For the records below, please print exactly and only the lines from the one with "Property Photo: 3004-3006" down to the one with "Mercedes EQC 19", both ends included, omitting the pictures.
****
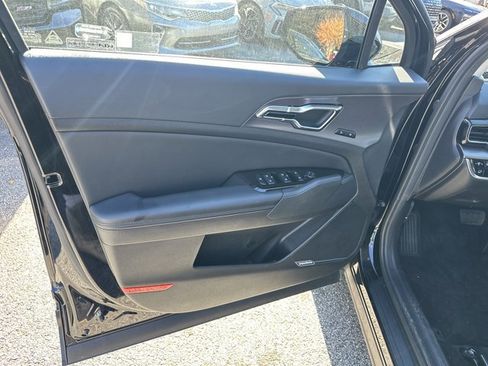 Used 2023 Kia Sportage SX image 11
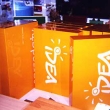 100 beleuchtete Werbung fĂźr die Firma IDEA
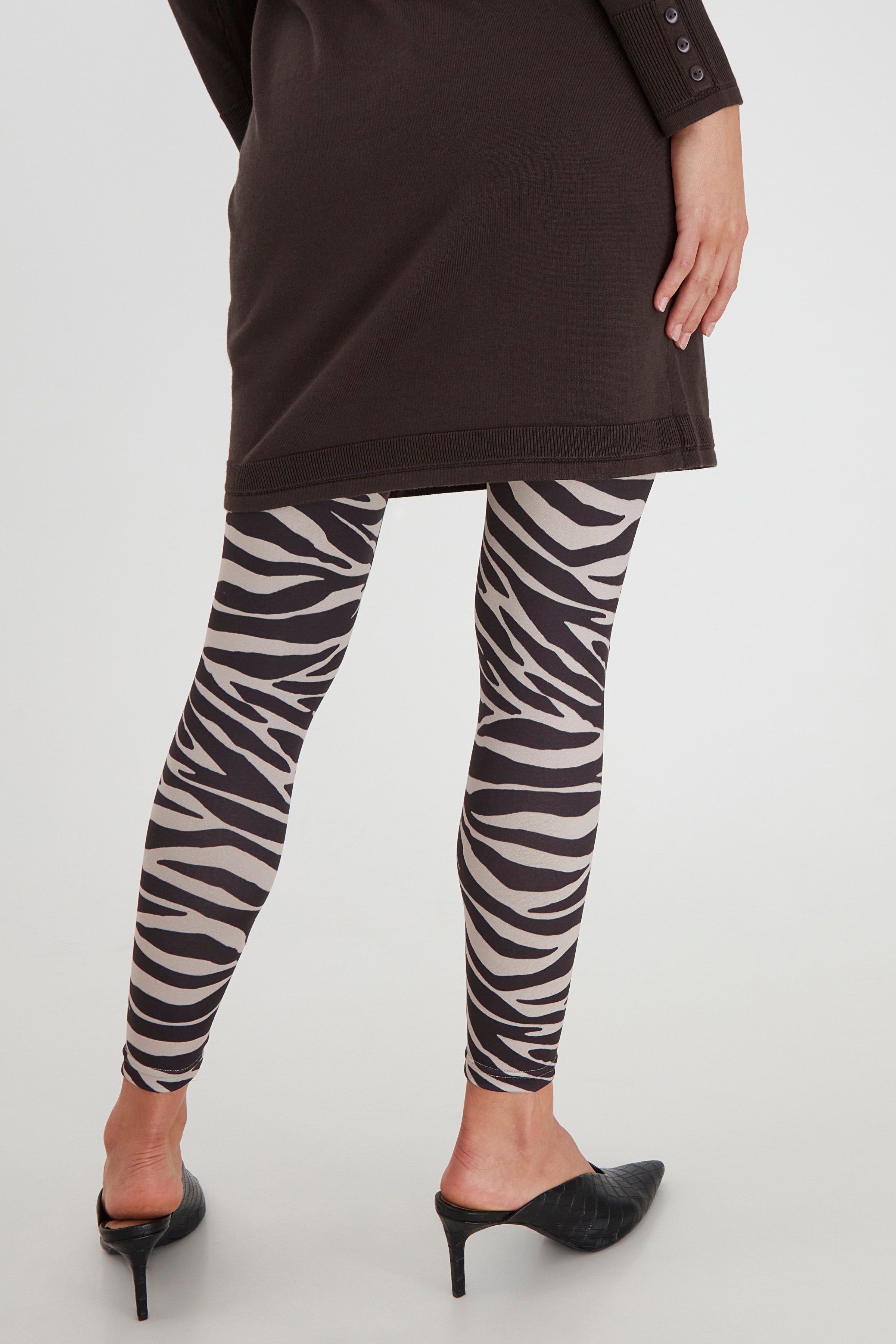 FRTELEGGING Leggings LOOKBOOK FRONT 20609315-200653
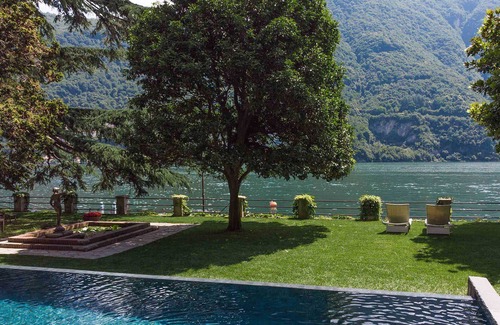 Laglio Villa | My Rental Homes - Villa Traversi with pool, jacuzzi, garden and view of the Lake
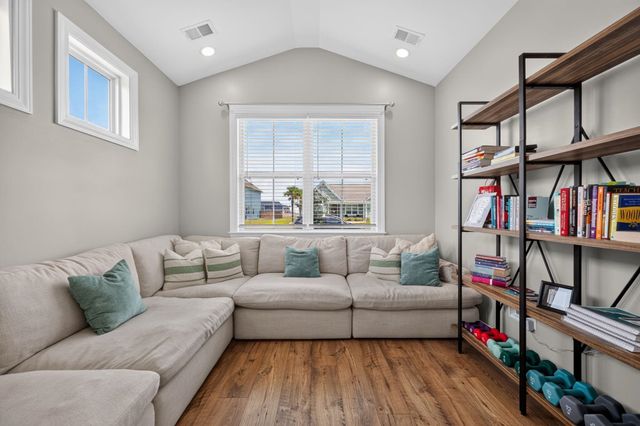 137 Riley Farms Ct, Summerville, SC 29486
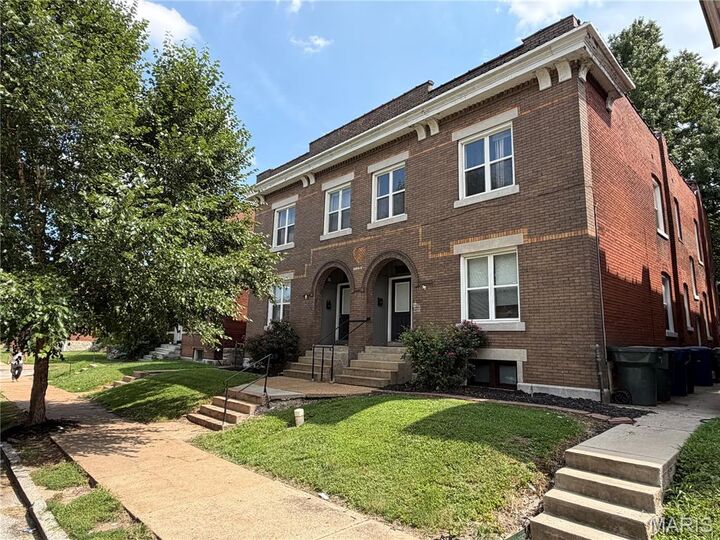 Property Photo: 3004-3006 Henrietta Street MO 63104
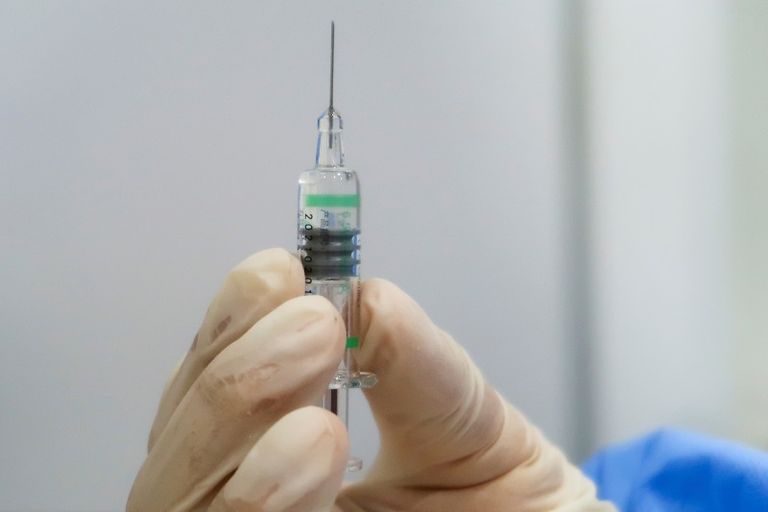 عراقي يتلقى جرعة من لقاح كورونا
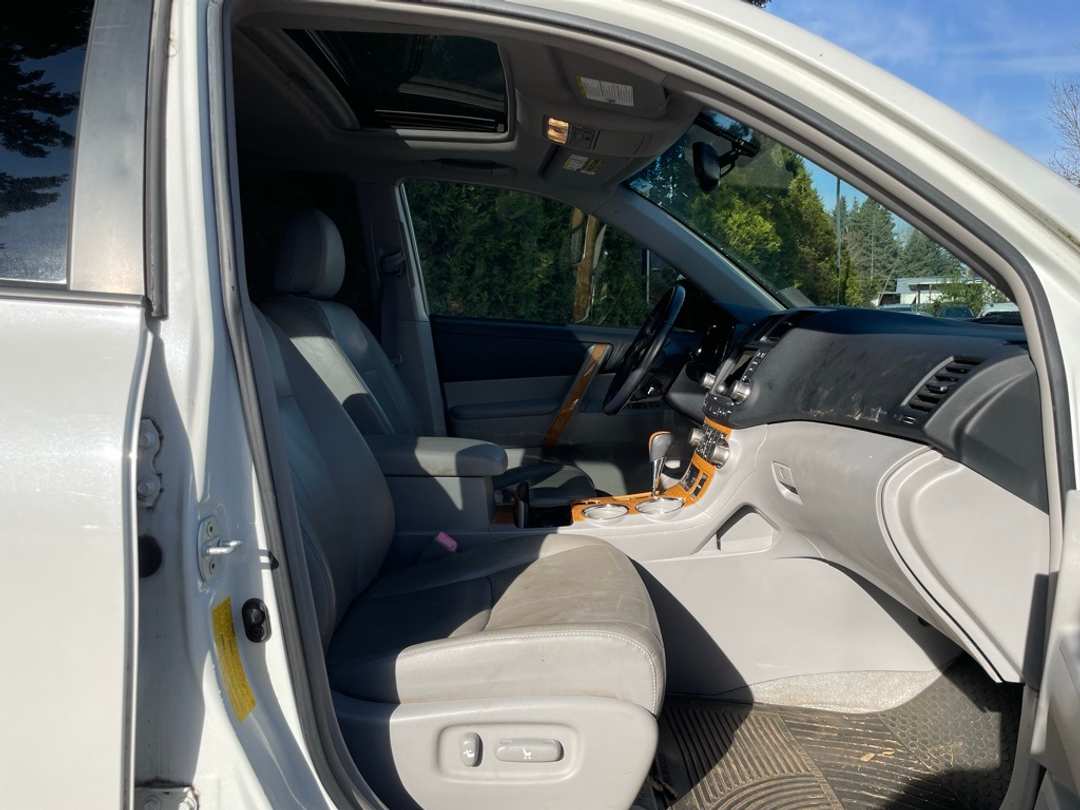 2009 Toyota Highlander Limited - Image 15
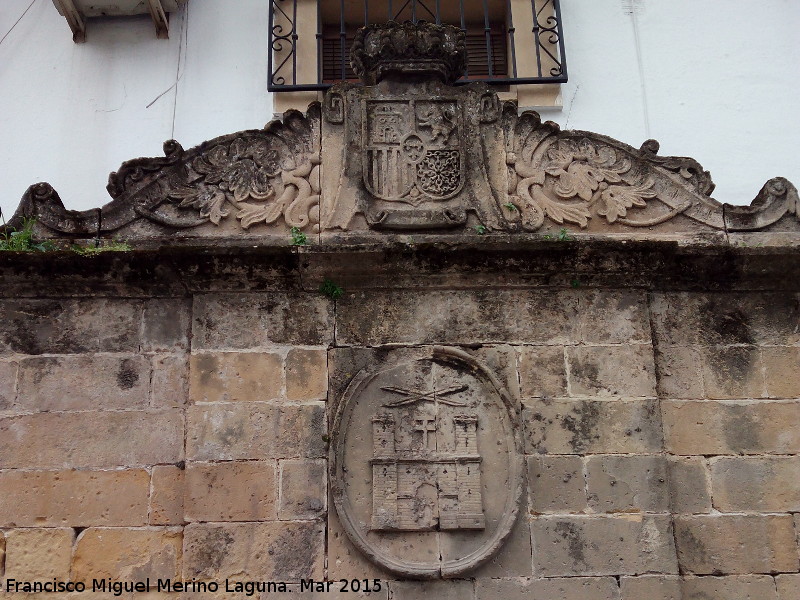 Fuente del Moro - Fuente del Moro. Escudos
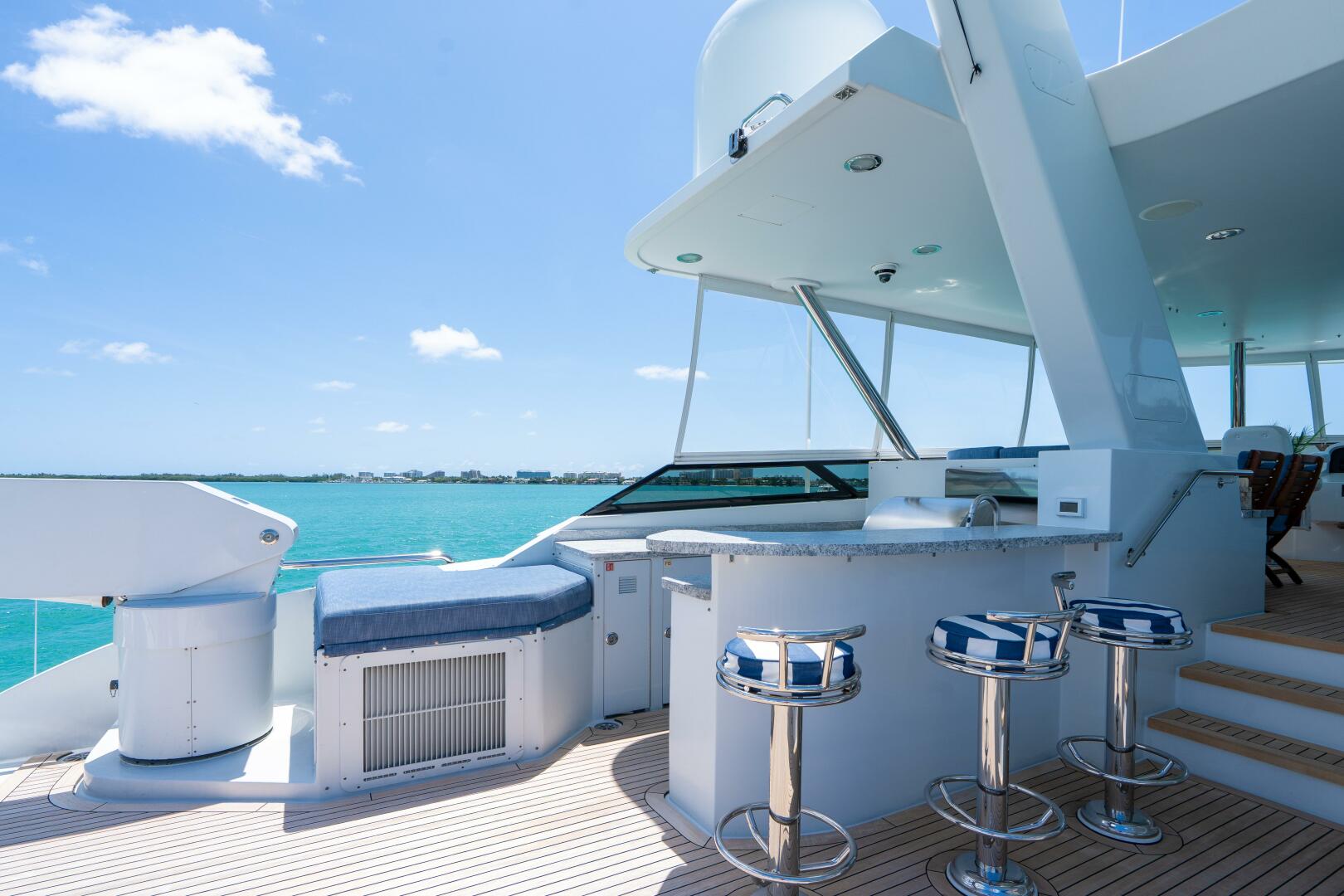 Crescent-Raised Pilothouse 2004-RISK AND REWARD West Palm Beach-Florida-United States-Flybridge Bar-5316073 | Thumbnail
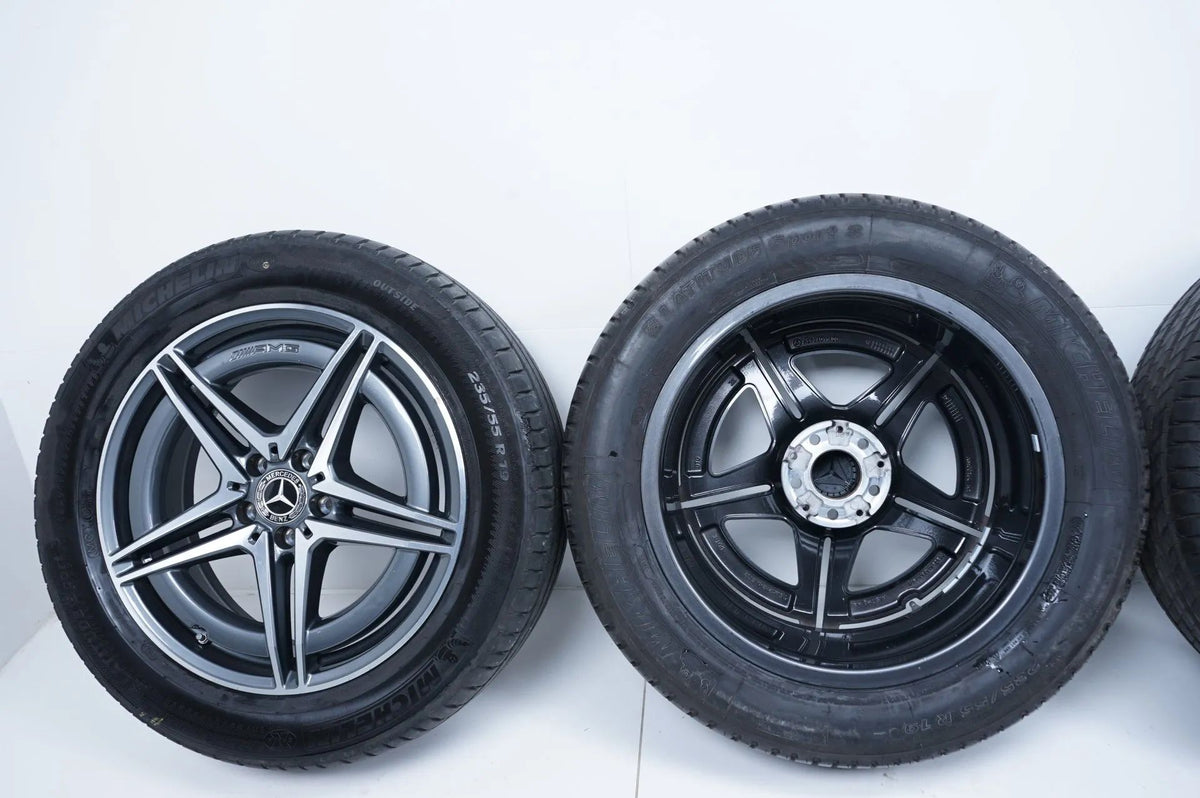 Mercedes EQC 19 inch AMG alloy wheels summer wheels summer tires 235 55 255 50 R19 Detailansicht 19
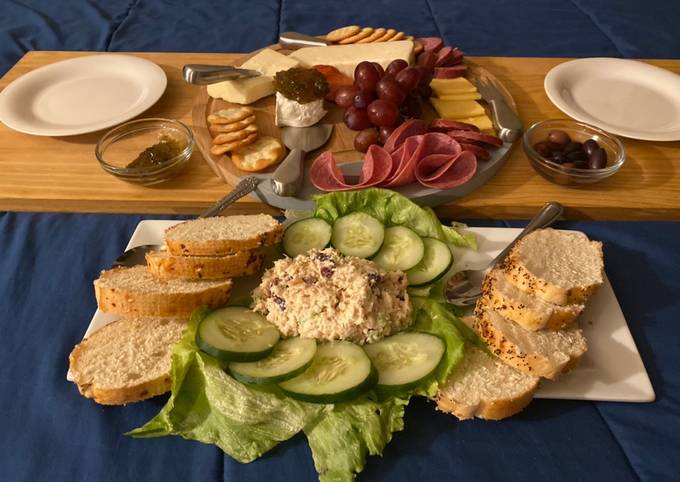 Charcuterie board / cheese board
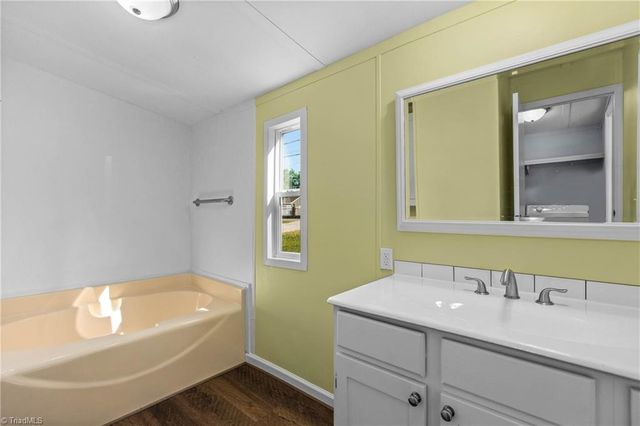 189 Sunset Drive, Thomasville, NC 27360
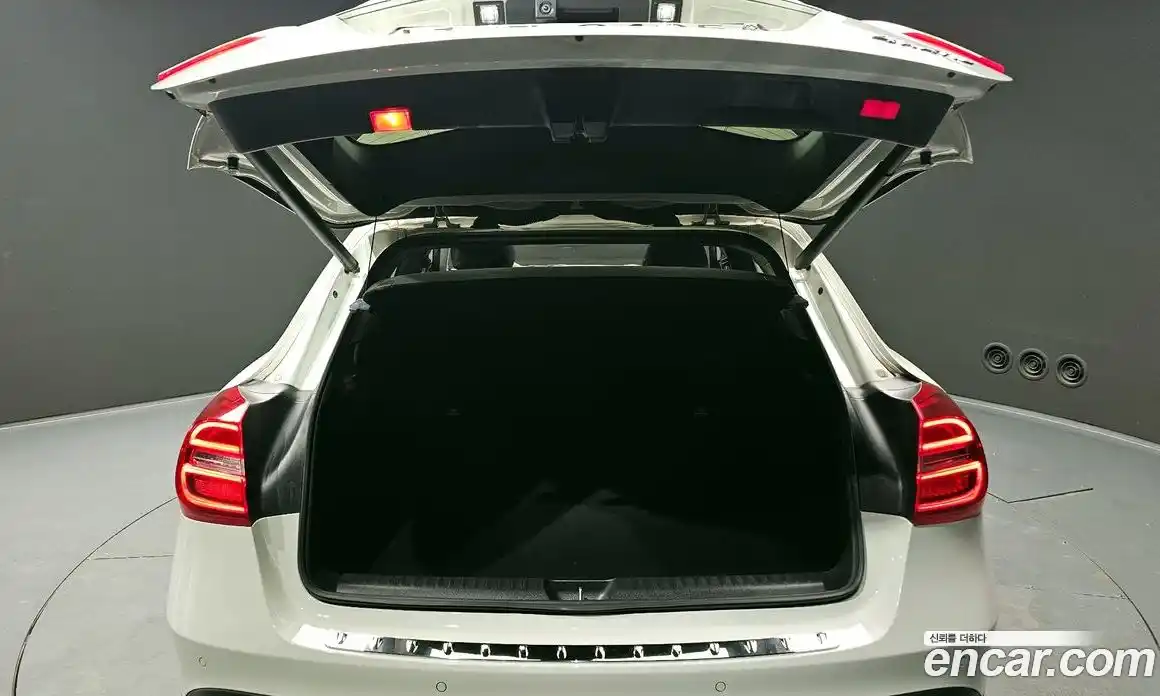 Mercedes-Benz GLA-Class 2015 2.1 Автомат в Москве № 194739, фото 20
****
* ANSWER BOX *
 Property Photo: 3004-3006 Henrietta Street MO 63104
 عراقي يتلقى جرعة من لقاح كورونا
 2009 Toyota Highlander Limited - Image 15
 Fuente del Moro - Fuente del Moro. Escudos
 Crescent-Raised Pilothouse 2004-RISK AND REWARD West Palm Beach-Florida-United States-Flybridge Bar-5316073 | Thumbnail
 Mercedes EQC 19 inch AMG alloy wheels summer wheels summer tires 235 55 255 50 R19 Detailansicht 19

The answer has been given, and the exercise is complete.